- _DATASET RECORDS_
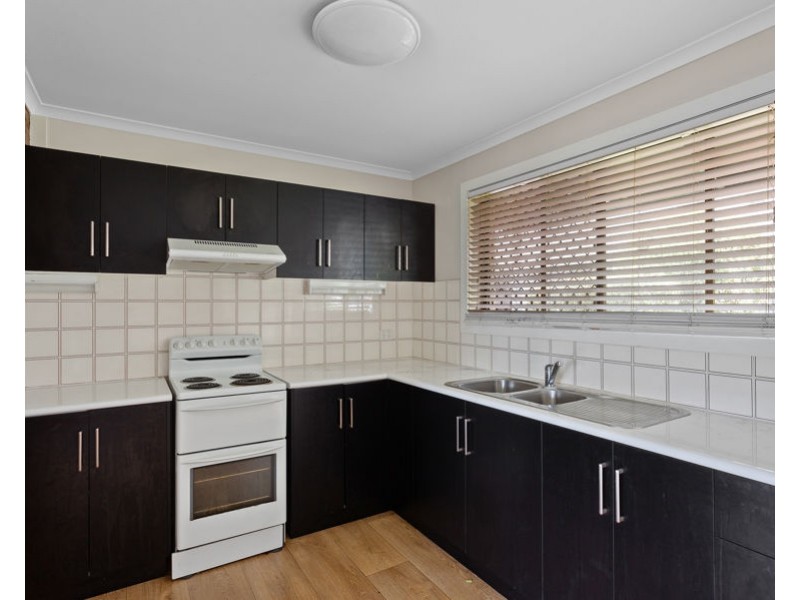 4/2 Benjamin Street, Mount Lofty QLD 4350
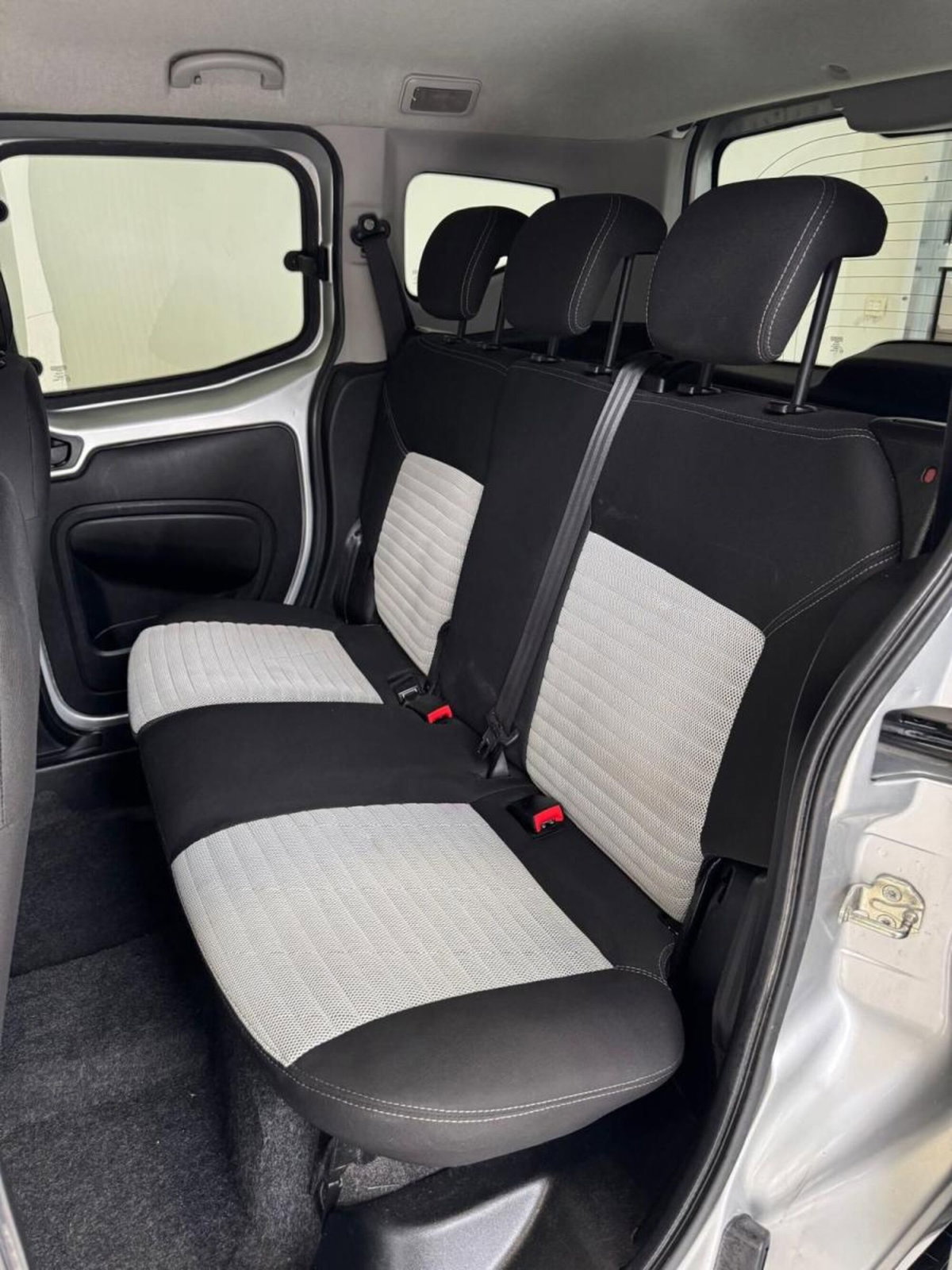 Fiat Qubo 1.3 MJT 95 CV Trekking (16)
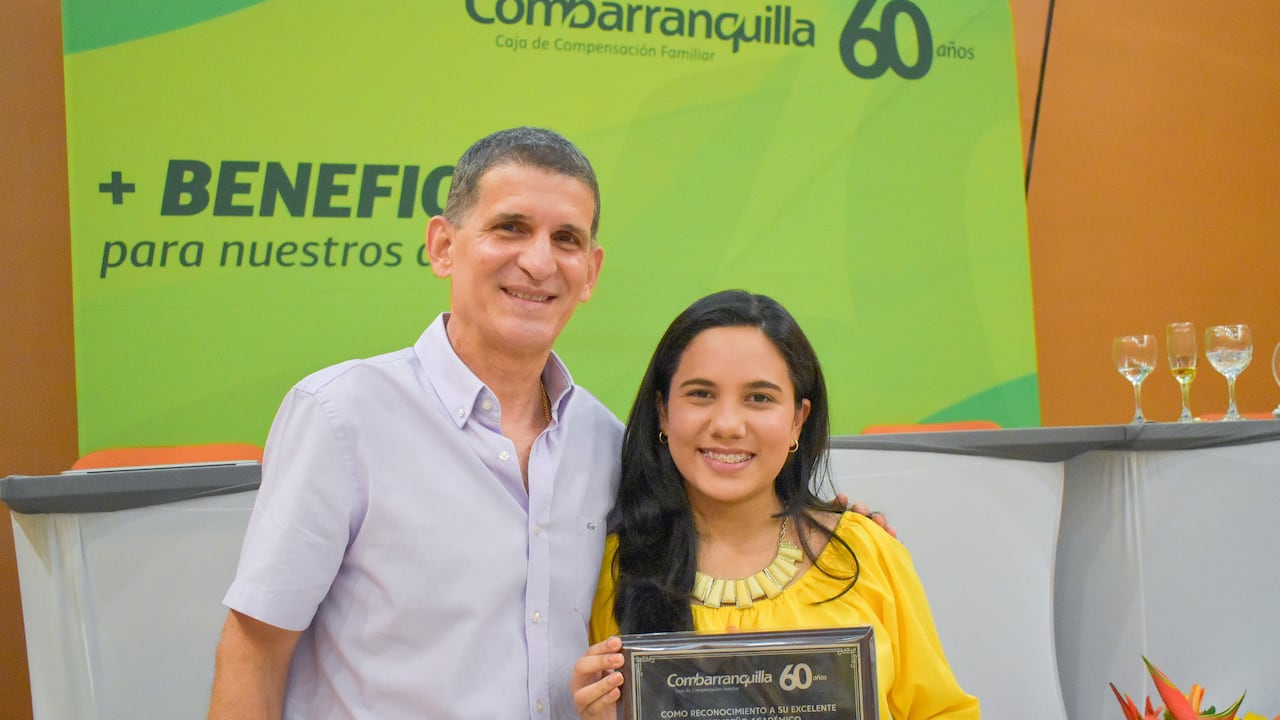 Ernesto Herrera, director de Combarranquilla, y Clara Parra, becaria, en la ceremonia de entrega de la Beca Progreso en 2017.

==

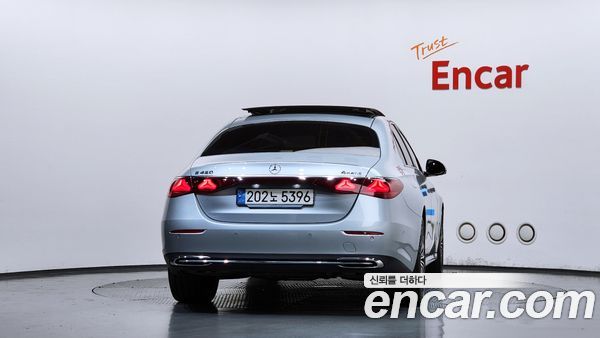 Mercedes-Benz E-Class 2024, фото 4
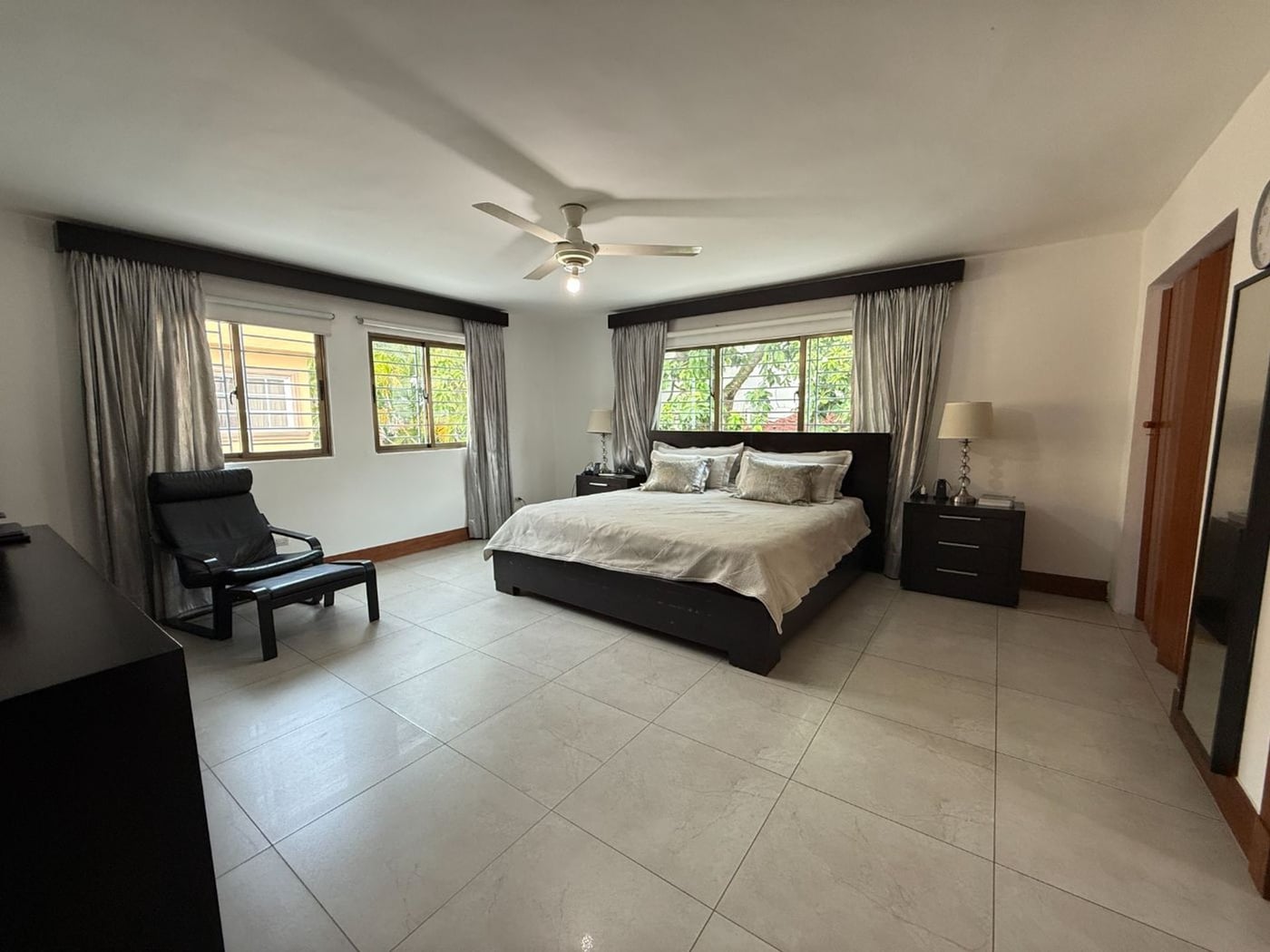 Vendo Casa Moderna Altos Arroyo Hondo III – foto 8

- _AIM OF THE EXERCISE_
In the records above, everything from the line with "Mercedes-Benz E-Class 2024, фото 4" down to the line with "Vendo Casa Moderna" is to be set down exactly, both ends included, with no pictures and no other lines.

- _RESPONSE TO THE TASK_
 Mercedes-Benz E-Class 2024, фото 4
 Vendo Casa Moderna Altos Arroyo Hondo III – foto 8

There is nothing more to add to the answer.